On another occasion, all kids of Class 2 were being punished for creating a ruckus between classes. My brother refused to take the punishment, he simply said, “I wasn’t making any noise, I wont take the punishment”.
On each of these occasions he was only stating simple truth, and he dint need to resort to any tact or silence.
What do you think? Do we grow more complicated in our social communication as we grow older? Do we perhaps pass over simple truth and common sense for complex social norms?
There is a whole treasure trove of memories associated with my brother who is six years younger than me. His quick wit, fierce independence and revolt to adult hierarchy have combined to give me some of the most memorable and loved moments of life.

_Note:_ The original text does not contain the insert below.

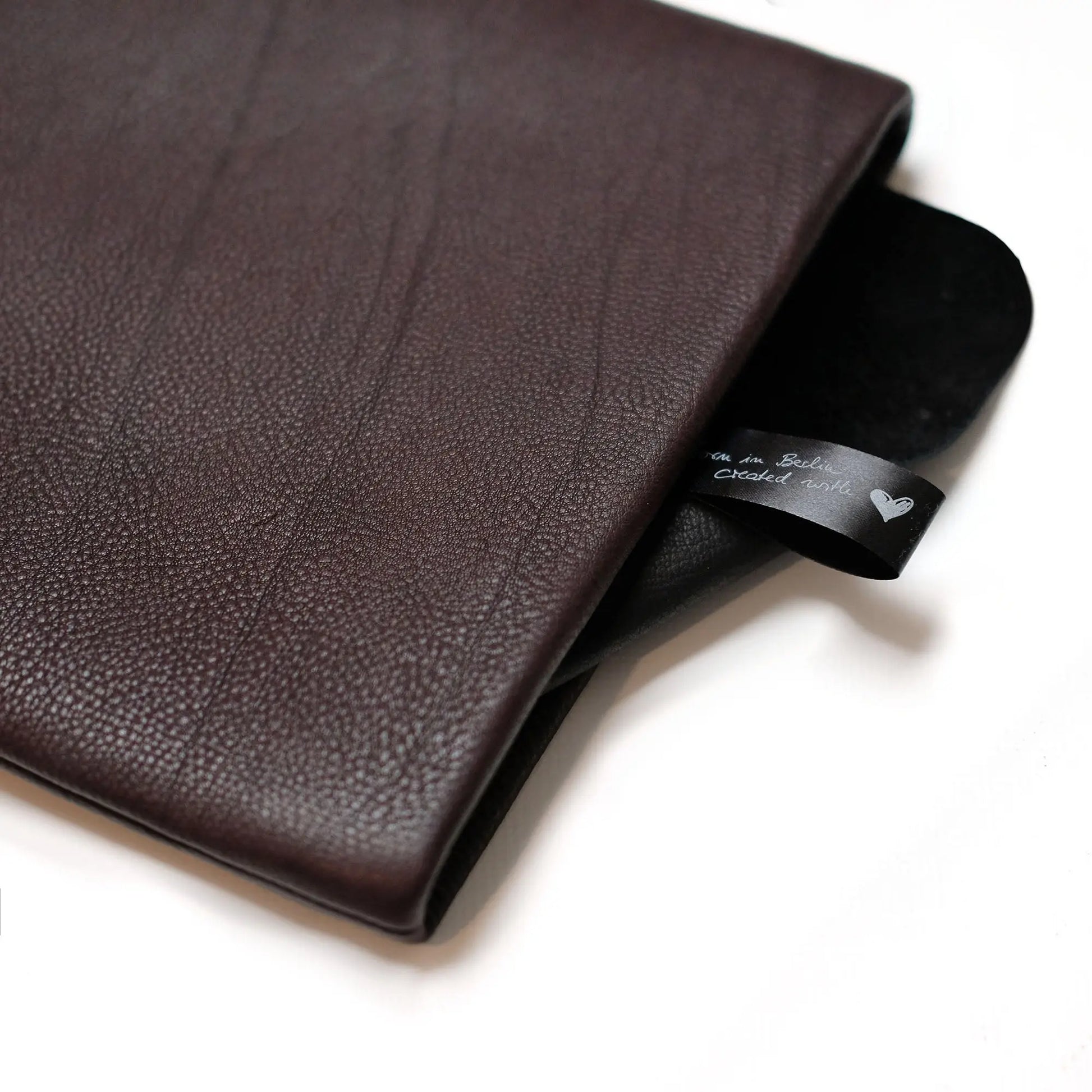 dunkelbraune Notebookhülle aus Leder mit Verschlussklappe in schwarzem Leder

I was not necessarily a naughty kid, but exceptionally clumsy. On one of those random clumsy moments when I was around 12 years old, I broke my mom’s finest Borosil piece while taking it out of the microwave. Predictably the usual scene of my mom howling down at me started playing – why did “you remove” when “you were NOT even supposed to touch”? She was mighty distressed at losing this piece, that too quite so abruptly. As with typical “mommy tirades”, this one went on and on to include detailed narrations of my numerous super clumsy moments. By the time she was on the third such story of my supreme clumsiness, my cheeks had started to burn, my eyes were flushed red and hot tears were streaming down.
Just when the scene seemed to evolve into a typical parent child confrontation of monstrous proportions, we suddenly heard a booming voice “Scolding Children??!!”. My three and three quarters foot six year old brother was glaring at my mother, with fisted hands at his hips. “How dare you scold children? Scolding children is bad. Don’t scold Akka”. It took us a minute to realize what had happened.

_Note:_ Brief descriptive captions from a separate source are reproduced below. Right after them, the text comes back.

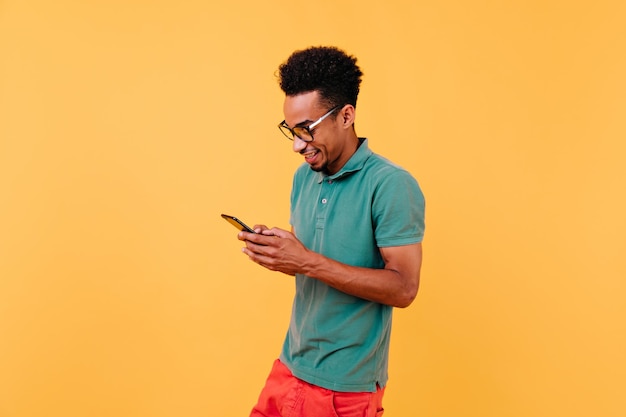 Hombre negro deportivo mirando la pantalla del teléfono y sonriendo Retrato de un tipo alegre con un mensaje de texto de camiseta verde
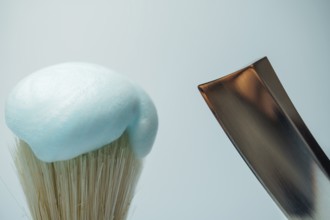 Shaving brush with light blue foam and metal razor blade ready for skincare routine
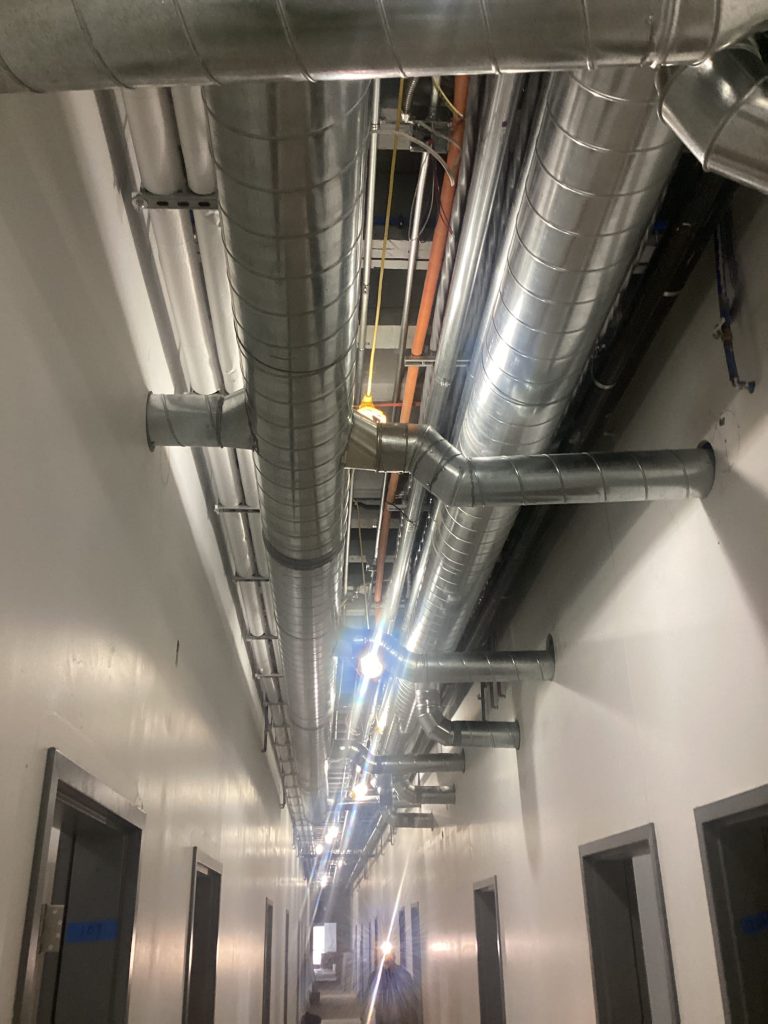 Metal ductwork and piping in a commercial building hallway, illustrating HVAC installation and ventilation systems.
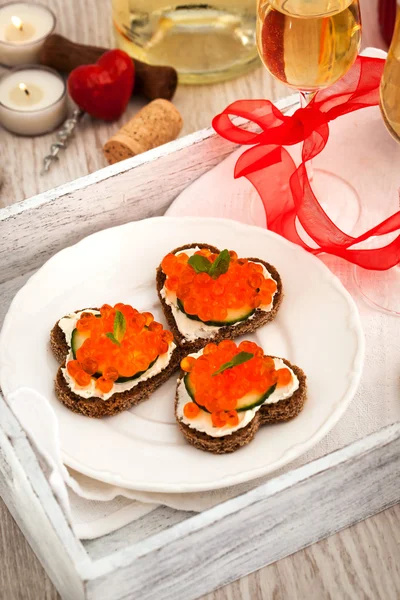 Heart shaped toasts  with red caviar and white wine — Stock Photo, Image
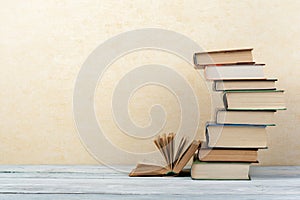 Stack of colorful books. Education background. Back to school. Book, hardback colorful books on wooden table. Education business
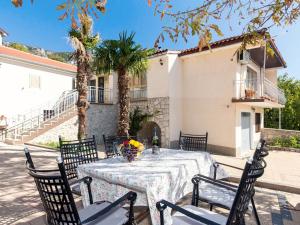 a table with a vase of flowers on it at Holiday Home Mazor - NOV400 by Interhome in Bribir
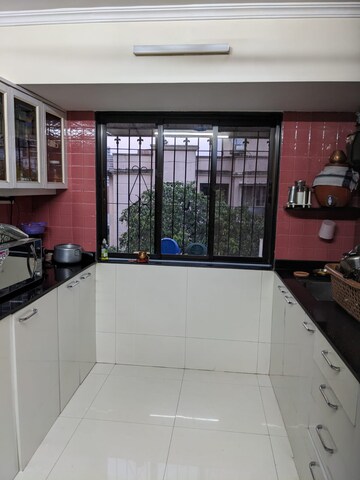 Kitchen in 2.5 BHK Apartment at Aims Golf City, Sector 75 – for Sale
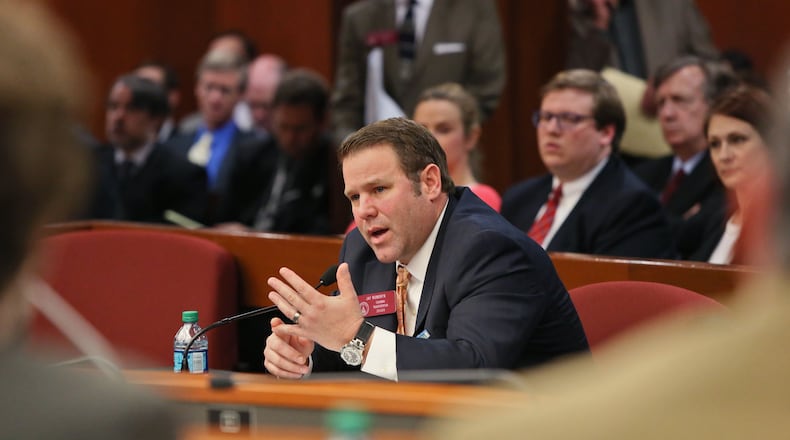Feg. 12, 2015 - Atlanta - Rep. Jay Roberts presents a revised House plan to raise $1 billion for transportation to the full Transportation Committee. House Bill 170 has also garnered new critics as the Sierra Club denounced its lack of funding for transit and it's creation of a new user fee on electric vehicle drivers while a Washington think-tank and a Republican House member unveiled a study that showed eliminating a state tax credit for the purchase of electric vehicles would cost the state more than $200 million in lost GDP over the next 16 years. BOB ANDRES / BANDRES@AJC.COM Jay Roberts, R-Ocilla, presents a revised House plan to raise $1 billion for transportation to the full House Transportation Committee on Thursday. Bob Andres, bandres@ajc.com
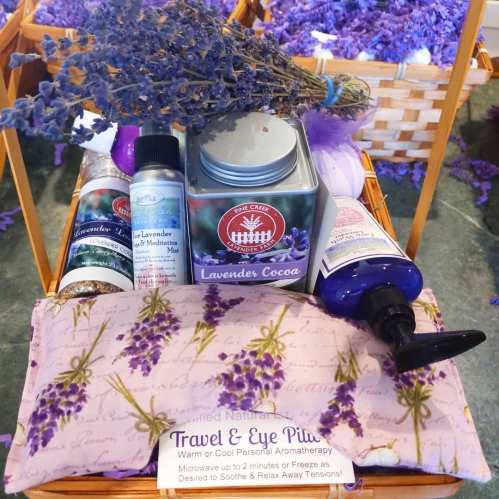 A basket filled with lavender products, including a cocoa tin, mist, and a soothing eye pillow.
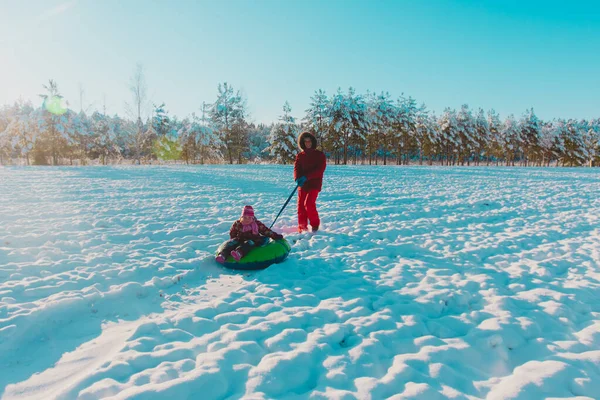 Πατέρας και μικρό κορίτσι ιππασία στο σωλήνα, οικογένεια να διασκεδάσουν στη φύση το χειμώνα — Φωτογραφία Αρχείου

The tension had been broken – all the anger and tears transformed into peals of laughter. No one could argue with the wisdom of a six year old – scolding children was indeed “bad” (and unpleasant). The fight for the rights of children had no resistance, my brother had won this battle hands down.
And he claimed his prize with equal style!!! My mom had to apologize and promise my brother that she’ll never scold children again (she’s almost lived that promise though there have been minor instances).